The lithium problem is Big Bang nucleosynthesis's one open wound. Standard BBN, using the baryon density Planck measures from the CMB, predicts the primordial abundances of the light elements, and for deuterium and helium-4 the predictions match observation beautifully. For lithium-7 they do not: the prediction runs a factor of 3 to 4 above the abundance measured in the atmospheres of the oldest metal-poor halo stars, where Li-7 sits on the famous Spite plateau, nearly constant across a wide range of metallicities, exactly as a primordial abundance should (Cyburt et al. 2008; Fields et al. 2014).

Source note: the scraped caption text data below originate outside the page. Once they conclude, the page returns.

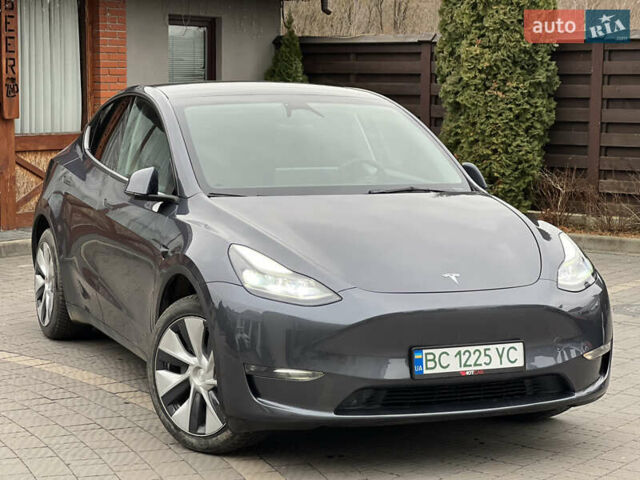 Серый Тесла Model Y, объемом двигателя 0 л и пробегом 52 тыс. км за 27499 $, фото 1 на Automoto.ua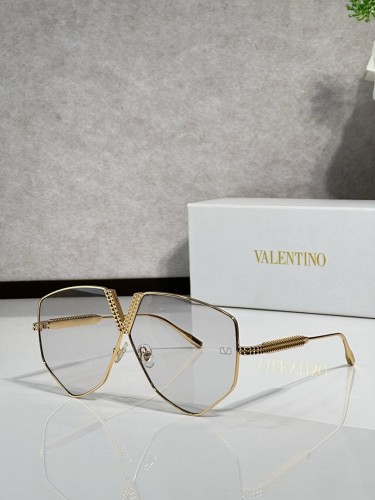 V Sunglasses AAAA-677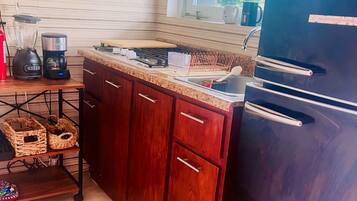 Fridge, microwave, stovetop, coffee/tea maker
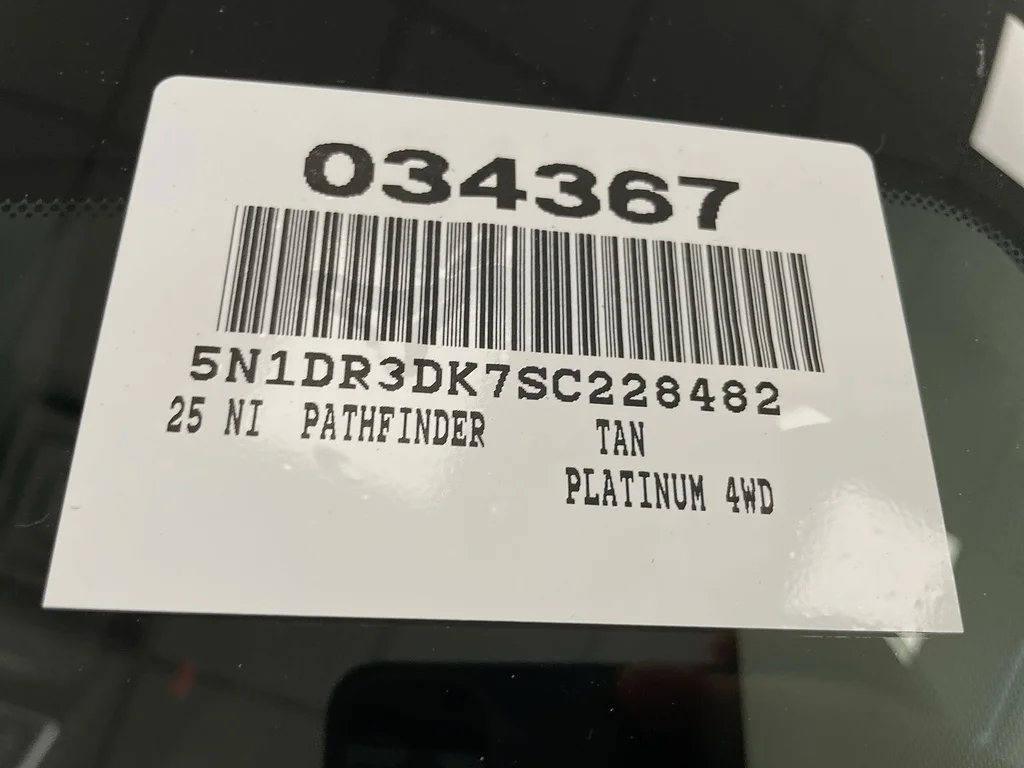 Used 2025 TAN Nissan Platinum image 35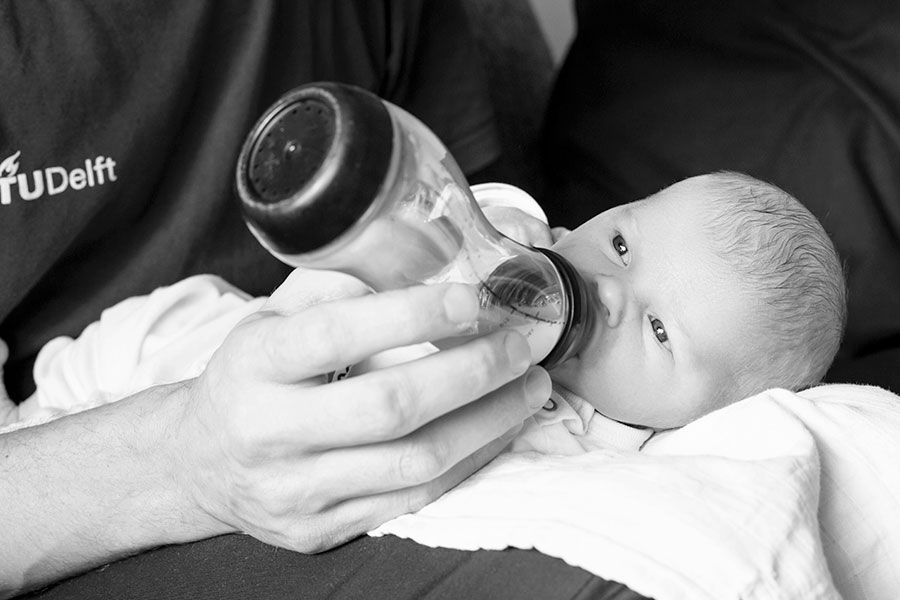 newborn fotograaf Delft fles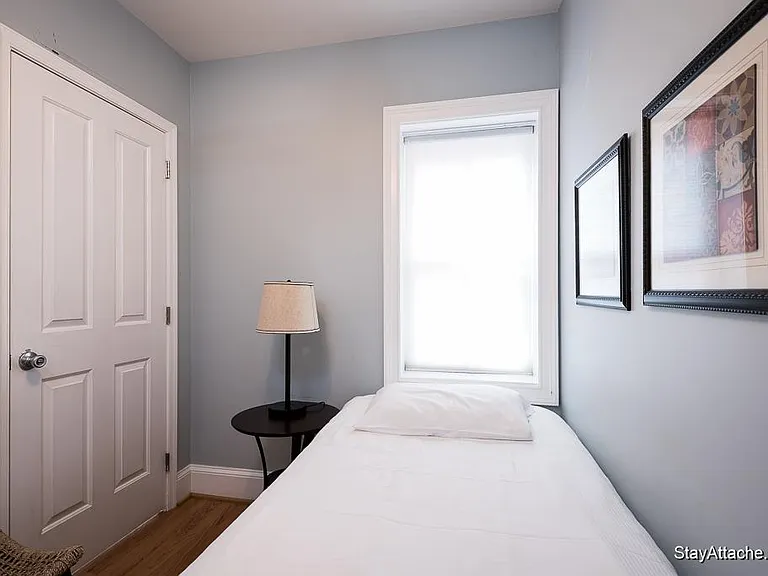 221 E St NE — Photo 13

The plateau is what makes the problem stubborn. If stars destroyed their surface lithium, depletion should vary star by star with mass, rotation, and convection history, scattering the plateau rather than preserving it; uniform depletion mechanisms can be built but require tuning. Nuclear physics escape routes, revised reaction rates destroying Li-7's parent beryllium-7, have been progressively closed by laboratory measurement. And new-physics solutions during BBN must alter lithium while leaving deuterium and helium untouched, a surgical requirement few mechanisms meet. Four decades of effort have narrowed the options without selecting one.
The standing is unique in the tension catalog: a precision conflict between two of cosmology's most reliable calculations, with the leading suspicion now resting on stellar depletion physics, atomic diffusion and turbulent mixing slowly draining photospheric lithium, though no model yet earns the plateau's flatness without tuning.